French Authorities Crack Down on Financial Crimes: What You Need to Know
The French government has taken significant steps to combat financial crimes, including money laundering and terrorist financing, by implementing strict regulations on freezing assets and detecting suspicious transactions.
Freezing Assets
According to the Guide to Good Practice in Implementing Economic and Financial Sanctions, “freezing” refers to the prohibition of making available or using funds or economic resources for the benefit of persons or entities subject to a freezing measure. This can include financial instruments such as:
- Letters of credit
- Bills of lading
- Bills of sale
- Documents showing evidence of an interest in funds or financial resources
The scope of assets that can be frozen is broad, encompassing:
- Units or shares of collective investments or third-country investment funds
- Any asset that can be used to obtain funds, goods, or services (as defined by the French Directorate General of the Treasury)
Detecting and Preventing Financial Crimes
To detect and prevent these crimes, professionals must have an effective system in place for identifying clients and their beneficial owners before entering into a business relationship or executing an occasional transaction. This includes:
- Screening client databases with effect from the publication date of European regulations and/or ministerial orders imposing new freezing measures
- Automated detection systems are permitted when the size and nature of the professional’s business make real-time manual detection impractical, but such systems must not lead to automated decision-making
Professionals using manual systems must ensure that their methods are effective. Screening must be carried out in accordance with applicable personal data protection regulations.
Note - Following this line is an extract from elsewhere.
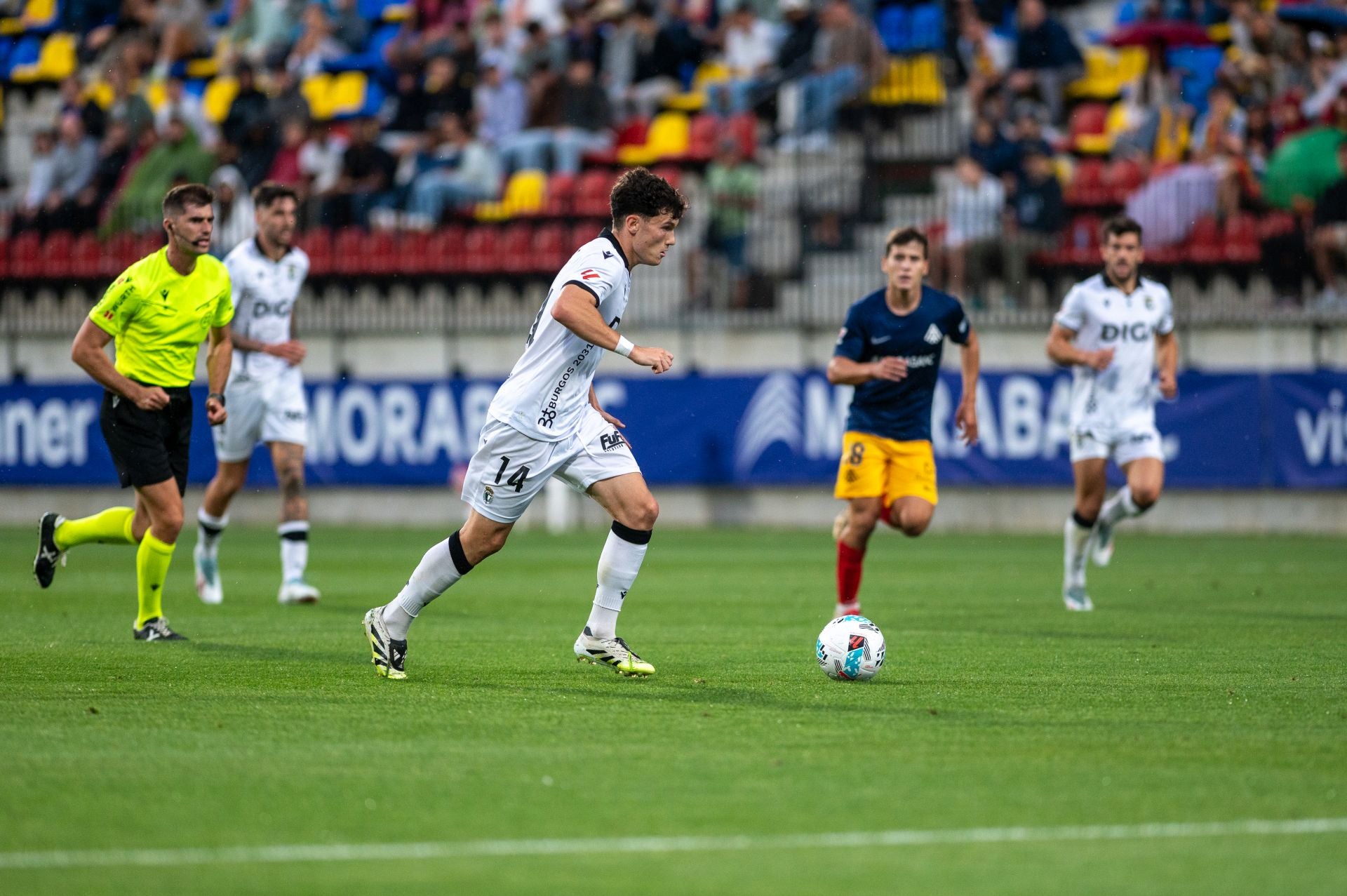 El partido del Burgos CF en Andorra, en imágenes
National Register and Freeze Newsflash
The French authorities have established a national register of persons subject to an asset-freezing measure on its website, which is updated as soon as new European regulations or decrees enter into force. A subscription-based “freeze newsflash” is also available to notify professionals of updates to the register.
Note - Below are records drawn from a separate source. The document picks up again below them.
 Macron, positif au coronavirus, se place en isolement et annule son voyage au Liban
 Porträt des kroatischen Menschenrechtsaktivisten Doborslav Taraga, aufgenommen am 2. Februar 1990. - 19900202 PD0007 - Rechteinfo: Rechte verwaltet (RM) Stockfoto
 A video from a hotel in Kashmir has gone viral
Compliance with UNSC Resolutions and Sanctions Committees
Regulated entities must consider freezing measures set out in UNSC resolutions and decisions of the Sanctions Committees as soon as they are published on the UNSC website, and implement appropriate due diligence measures accordingly.
Conclusion
In light of these regulations, it is essential for businesses and individuals to be aware of their obligations to prevent financial crimes and ensure compliance with French law. By understanding the requirements for freezing assets and detecting suspicious transactions, professionals can help to combat financial crimes and maintain a safe and secure financial environment.